* [Exercise data]:
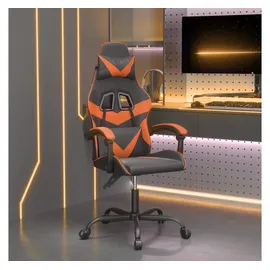 vidaXL Gaming-Stuhl Kunstleder Schwarz/Orange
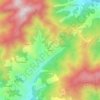 Gular topographic map, elevation, terrain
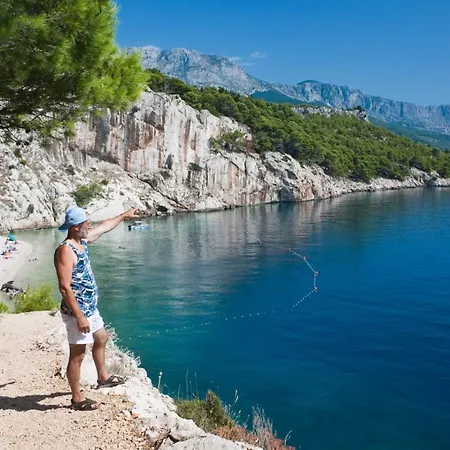 شقة In With Sea View, Balcony, Air Conditioning, Wifi 3674-4 Tučepi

* [Your instructions]: Transcribe everything above exactly. Do not include the pictures.

* [Exercise output]:
 vidaXL Gaming-Stuhl Kunstleder Schwarz/Orange
 Gular topographic map, elevation, terrain
 شقة In With Sea View, Balcony, Air Conditioning, Wifi 3674-4 Tučepi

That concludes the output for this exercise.